生賴範義展(1)
2018年1月 上野の森美術館

それで今回は、イラストレーターで、映画のポスターや本の装丁、挿絵などで中でもSFやファンタジー関係の作品が多い人で、それと知らずに作品に触れてきたようなので、少し無理して寄って見ました。閉館1時間前の午後4時に受付して、入場者は多少多いと思うくらいで、鑑賞に支障をきたすほどではないが、少しざわついているねという程度でした。全体としての展覧会の印象は、私が美術館などでいつも見ている美術展とは違う、そういうものとは別物だったというのが正直なところでした。例えば、展示目録が用意されていない。したがって、地図を持たないで山に登るようなもので、会場で展示を見ていても、自分が展示の中のどのあた
りにいるのか全体像を把握できない状態だったので、ずっと迷子になっているような感じに捉われていました。
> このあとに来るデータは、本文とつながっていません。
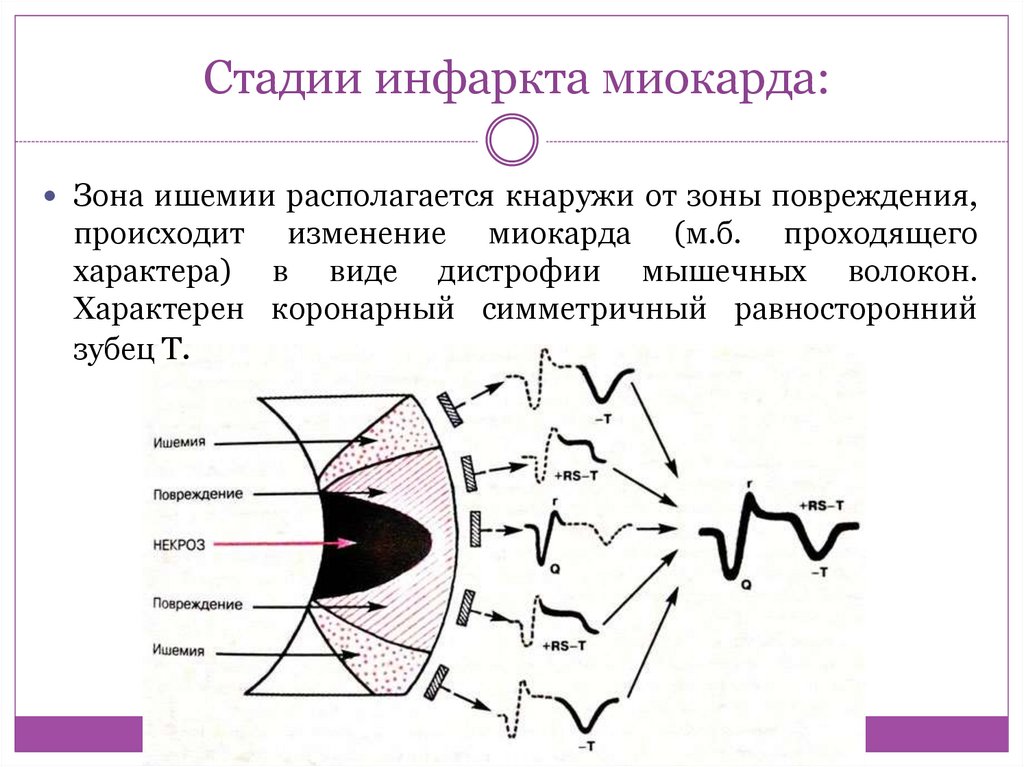 Прединфарктный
それはまた、展示されているものについて、タイトル等の最低限の情報はあったのですが、この人の画業の中でどのあたりなのか、といったことはなくて(私が今まで見てきた展覧会では展示目録に展示番号が附されていて、その番号が作品タイトルの掲示にも添付されていたので、全体の展示の中で何番目程度の目安はあった)、おそらく、この人のイラストを見に来るひとたちにはニーズがないと主催者は判断したのかもしれません。また、主催者からのメッセージの掲示もなくて、展示する側は、この人の業績をどのように捉えていて、それをどのように見せようとしているのか、そういう姿勢がまったくわからないままでした。これも、おそらく、入場者は来場して好きな作品を見ればいいと考えてのことかもしれません。しかし、私のようにこの人がどのように作品を制作するようになったのかというようなトスーリーを想像するような見方をする人間にとっては、かなり戸惑うこととなった展示でした。おそらく、生賴当人もそうなのでしょうし、彼のファンの人々も、この人の作品は基本的に注文仕事であって、生賴本人の意志とは別に頼まれた仕事を誠実に仕上げた、彼の技量の成果として作品を見るというものなのでしょうか。展示についても、注文者別というか、映画会社からの注文、出版社からの、時代小
説、SF雑誌、ゴルフ雑誌、戦記雑誌などに小分けされての展示となっていました。つまり、生賴の作家性に中心を置いたという展示ではなかったということです。おそらく、生賴という人も、アーティストというよりアルチザンという意識をもっていたのかもしれないし、とくに作家性ということが絶対的に必要であるとは思いませんが、私の場合、そういう見方をするので、そうでない展示に最後まで戸惑い続けたという展覧会でした。美術展というと、どうしてもファインアートという感覚で見てしまうのですが、生賴の作品は商業ポスターとか挿絵のようなもので、ファインアートとしてみてしまうのは適切ではないと言われそうですが、たしかにここで書いているのを読まれた方は、私がファインアートとして生賴の作品を見ているかのような誤解を招いたとしても無理はないと思います。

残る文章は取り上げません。